Stored records
+ + + + +

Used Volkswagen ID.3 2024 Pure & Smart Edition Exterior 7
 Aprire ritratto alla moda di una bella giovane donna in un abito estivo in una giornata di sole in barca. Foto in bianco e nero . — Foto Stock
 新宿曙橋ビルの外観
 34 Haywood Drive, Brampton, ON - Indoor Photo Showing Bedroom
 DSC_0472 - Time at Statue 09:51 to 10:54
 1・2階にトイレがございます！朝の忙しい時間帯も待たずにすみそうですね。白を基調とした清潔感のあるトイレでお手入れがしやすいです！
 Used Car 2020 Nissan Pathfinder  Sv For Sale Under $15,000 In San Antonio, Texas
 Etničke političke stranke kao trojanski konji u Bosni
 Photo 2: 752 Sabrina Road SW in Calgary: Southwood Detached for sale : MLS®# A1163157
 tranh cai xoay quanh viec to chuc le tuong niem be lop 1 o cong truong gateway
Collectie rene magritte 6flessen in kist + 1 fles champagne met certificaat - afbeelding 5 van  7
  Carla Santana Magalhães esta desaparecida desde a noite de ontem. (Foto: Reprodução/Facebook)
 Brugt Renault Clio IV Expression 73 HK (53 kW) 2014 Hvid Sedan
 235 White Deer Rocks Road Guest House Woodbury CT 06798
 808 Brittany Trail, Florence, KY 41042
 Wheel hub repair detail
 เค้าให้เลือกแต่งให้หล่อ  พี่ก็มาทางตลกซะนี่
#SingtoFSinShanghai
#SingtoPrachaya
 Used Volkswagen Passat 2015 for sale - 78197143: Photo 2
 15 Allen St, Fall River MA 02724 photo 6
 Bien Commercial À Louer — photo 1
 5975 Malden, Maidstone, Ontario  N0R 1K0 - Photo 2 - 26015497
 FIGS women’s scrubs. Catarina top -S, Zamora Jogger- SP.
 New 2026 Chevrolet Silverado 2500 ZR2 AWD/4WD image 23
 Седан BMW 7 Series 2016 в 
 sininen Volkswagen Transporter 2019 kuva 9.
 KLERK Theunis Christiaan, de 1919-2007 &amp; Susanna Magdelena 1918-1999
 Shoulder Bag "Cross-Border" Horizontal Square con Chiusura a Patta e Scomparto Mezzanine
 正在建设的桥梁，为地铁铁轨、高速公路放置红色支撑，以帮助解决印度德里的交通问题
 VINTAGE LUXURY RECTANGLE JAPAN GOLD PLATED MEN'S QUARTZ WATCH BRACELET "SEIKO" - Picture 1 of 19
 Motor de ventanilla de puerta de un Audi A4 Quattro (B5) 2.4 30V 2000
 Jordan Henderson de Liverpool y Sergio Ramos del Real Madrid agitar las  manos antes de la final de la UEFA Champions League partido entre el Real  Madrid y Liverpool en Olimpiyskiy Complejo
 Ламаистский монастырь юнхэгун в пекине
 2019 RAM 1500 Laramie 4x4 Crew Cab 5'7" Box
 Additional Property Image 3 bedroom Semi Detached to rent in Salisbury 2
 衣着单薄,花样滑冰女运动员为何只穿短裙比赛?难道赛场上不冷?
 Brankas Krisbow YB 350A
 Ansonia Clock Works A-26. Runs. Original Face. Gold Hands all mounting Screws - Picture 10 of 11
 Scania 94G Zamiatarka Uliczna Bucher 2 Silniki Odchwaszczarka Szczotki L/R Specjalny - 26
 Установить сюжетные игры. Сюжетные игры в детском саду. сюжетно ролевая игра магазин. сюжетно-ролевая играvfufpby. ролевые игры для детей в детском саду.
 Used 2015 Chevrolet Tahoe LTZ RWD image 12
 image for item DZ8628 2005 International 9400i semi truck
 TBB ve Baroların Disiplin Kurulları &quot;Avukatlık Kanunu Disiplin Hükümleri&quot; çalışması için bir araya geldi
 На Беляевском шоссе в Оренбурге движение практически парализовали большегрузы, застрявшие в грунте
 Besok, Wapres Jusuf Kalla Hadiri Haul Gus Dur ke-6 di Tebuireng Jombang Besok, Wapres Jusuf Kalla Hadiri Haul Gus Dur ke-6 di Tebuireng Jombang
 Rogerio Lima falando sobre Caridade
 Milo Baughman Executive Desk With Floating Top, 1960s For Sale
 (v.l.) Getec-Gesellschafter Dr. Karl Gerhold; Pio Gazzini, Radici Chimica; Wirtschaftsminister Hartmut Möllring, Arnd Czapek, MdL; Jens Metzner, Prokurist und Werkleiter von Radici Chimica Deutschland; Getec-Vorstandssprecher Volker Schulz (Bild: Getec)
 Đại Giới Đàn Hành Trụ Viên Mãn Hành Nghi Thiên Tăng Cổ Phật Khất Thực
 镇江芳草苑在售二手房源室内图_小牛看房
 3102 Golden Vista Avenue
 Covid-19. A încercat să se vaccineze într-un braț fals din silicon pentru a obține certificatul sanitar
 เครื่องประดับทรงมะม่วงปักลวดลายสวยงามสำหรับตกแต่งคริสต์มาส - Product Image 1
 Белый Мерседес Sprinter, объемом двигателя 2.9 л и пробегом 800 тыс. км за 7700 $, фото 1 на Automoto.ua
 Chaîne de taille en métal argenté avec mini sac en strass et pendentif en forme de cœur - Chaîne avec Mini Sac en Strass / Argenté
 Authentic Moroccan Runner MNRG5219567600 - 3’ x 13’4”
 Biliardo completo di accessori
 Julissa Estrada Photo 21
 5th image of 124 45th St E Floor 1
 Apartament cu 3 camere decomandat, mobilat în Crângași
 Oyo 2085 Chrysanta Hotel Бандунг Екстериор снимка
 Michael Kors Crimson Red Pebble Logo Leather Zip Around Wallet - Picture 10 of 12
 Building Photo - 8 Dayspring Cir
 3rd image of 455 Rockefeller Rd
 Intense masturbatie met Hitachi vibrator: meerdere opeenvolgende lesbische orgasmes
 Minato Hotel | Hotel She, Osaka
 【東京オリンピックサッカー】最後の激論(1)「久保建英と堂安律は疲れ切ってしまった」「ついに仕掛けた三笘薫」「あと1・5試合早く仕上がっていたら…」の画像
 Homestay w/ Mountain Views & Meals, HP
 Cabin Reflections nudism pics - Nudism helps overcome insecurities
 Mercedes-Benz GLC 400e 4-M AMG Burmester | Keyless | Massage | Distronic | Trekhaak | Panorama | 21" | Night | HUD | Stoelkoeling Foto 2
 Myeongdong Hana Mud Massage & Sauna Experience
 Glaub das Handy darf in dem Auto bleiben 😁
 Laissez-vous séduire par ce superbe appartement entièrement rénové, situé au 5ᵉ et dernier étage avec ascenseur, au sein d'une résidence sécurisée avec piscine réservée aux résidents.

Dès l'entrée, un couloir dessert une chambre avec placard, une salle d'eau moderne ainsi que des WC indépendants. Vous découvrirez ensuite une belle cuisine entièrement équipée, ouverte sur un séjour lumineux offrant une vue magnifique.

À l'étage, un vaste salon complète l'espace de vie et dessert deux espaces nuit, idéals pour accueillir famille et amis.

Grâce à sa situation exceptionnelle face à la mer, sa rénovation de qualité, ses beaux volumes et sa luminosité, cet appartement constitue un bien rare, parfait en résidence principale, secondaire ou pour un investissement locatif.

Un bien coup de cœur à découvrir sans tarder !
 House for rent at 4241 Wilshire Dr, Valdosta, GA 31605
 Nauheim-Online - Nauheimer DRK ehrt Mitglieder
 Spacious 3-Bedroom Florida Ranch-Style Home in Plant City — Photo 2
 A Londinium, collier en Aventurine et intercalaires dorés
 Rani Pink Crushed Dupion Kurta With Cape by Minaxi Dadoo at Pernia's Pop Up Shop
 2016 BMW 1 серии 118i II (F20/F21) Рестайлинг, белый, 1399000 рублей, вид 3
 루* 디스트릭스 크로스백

+ + + + +

_Required work_
Which lines hold the word "Volkswagen"? Copy each of them from the records.

_Solution for this exercise_
Used Volkswagen ID.3 2024 Pure & Smart Edition Exterior 7
 Used Volkswagen Passat 2015 for sale - 78197143: Photo 2
 sininen Volkswagen Transporter 2019 kuva 9.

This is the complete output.